Posted on 7th April, 2024

 

‘It is accomplished.’ Having said this, Our Lord gave up His Spirit to His Father. Thus He returned to the One who had sent Him into the world to be our Redeemer. The hour for which He had prepared Himself throughout his life on earth, had now been fulfilled.

 

There is something that we should know about this word, this one word which Our Lord utters at the extremity of His life, at the very moment of death. First, it is only St John who tells us this word – St John who himself ‘saw these things’, and who personally guarantees their trustworthiness. St John wrote his Gospel in Greek, and in Greek there is just one word meaning ‘it is accomplished’: ‘tetelestai'. We can also translate this in English in several ways: ‘it is accomplished, it is finished, or, better still, it is perfected.’ Now I want to remind you of the beginning of last night’s Gospel, when John told us that Jesus had always loved His own in the world, and now He wanted to show how perfect His love was.

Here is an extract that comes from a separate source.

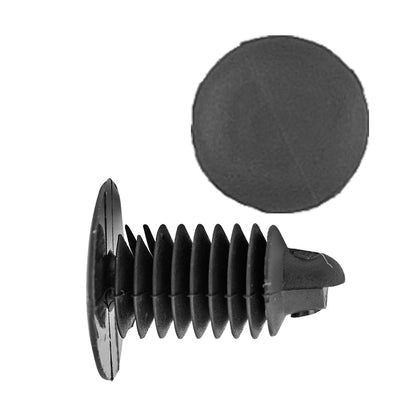 Black Nylon Weatherstrip Shield Retainer Clips | Fits Hole Size: 13/64" | Head Diam: 10mm | Stem Size: 12mm | GM 1974-on / Chrysler 1994-on | OEM# 20699808, 6502328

The Supper was the means He chose to show how ‘perfect His love was’, where the word ‘perfect’ is in Greek the same word, ‘teloV’, which means ‘end’. Hence, according to another translation of St John, at the Last Supper Jesus ‘loved them to the end.’ Now ‘telos’ does not only mean ‘end’ in the sense we often use it in English, the conclusion of a series of events, closure, finality. It means ‘end’ in the sense of ‘purpose’, the fulfilment or completion of that for which a certain thing has begun.

 

The Last Supper was the ‘end’ of Jesus’s love, not in the sense that His love was now over and done with, but in the sense that it encapsulated the very purpose for which He had lived in the world. Think of it, - the Last Supper was not just a final meal with friends, it was the culmination of all that He had done in the way of signs of His true identity and of His infinite love for us. Yet even so, as we learned last night, the Supper was not even on its own the end, because without the cross it would have no completion, no fulfilment. The Last Supper in which He gave us His Body and Blood sacramentally, would not have been the beginning of the Mass had He not given up His Body and Blood sacrificially for us on this day. For, as I said last night, the Supper and the Cross are one. Today sees the fulfilment, the accomplishment, of what He gave us at the Supper.

 

Yet there is also another sense of ‘telos’, as a bringing something to perfection. In today’s second reading from the Letter to the Hebrews it was said that ‘Although He was Son, Jesus learned to obey through suffering; but having been made perfect, He became for all who obey Him the source of eternal salvation.’

 

In the Old Testament, the word ‘made perfect’ was used of priests being consecrated for their sacred duties, that is, to be mediators between God and man, by offering sacrifices to God. Well, that sense is surely contained deep within that word of our Lord’s, ‘it is fulfilled’, ‘tetelestai’.  His telos, the end or perfection He has now achieved at the end of His sufferings is the perfection of His priesthood. Now His Sacrifice is complete, and now the Church can begin to celebrate it after the manner He has instituted for us at the Last Supper – in the Sacrifice of the Mass.

 

Truly at that moment on the cross, at the end of all His sufferings, death perfects His priesthood. That is the meaning of that other scene which John especially emphasises: the piercing of our Lord’s side, from which pours Blood and Water. We should see in this outpouring of the last drops of Christ’s blood the sign of the perfection of His love. He did not need to shed more than a single drop as a perfect sacrifice, had that been all He wanted to achieve. But He wanted to show yet more, His love for all of us to the end, to completion, to perfection. God the Father does not demand a cruel fate for His Son out of anger, but that His Son should show in this way how complete, how total, how perfect is His love, and how it transforms us in the sacraments, fruit of His priesthood. In this spirit we will soon behold the cross, the instrument of Christ’s telos, His ‘tetelestai’, by which He has accomplished His perfection as our Priest, King and Redeemer unveiled before us. Come, let us adore such a great sign, such a marvellous instrument, by which Christ has fulfilled and brought to completion and perfection His work for us.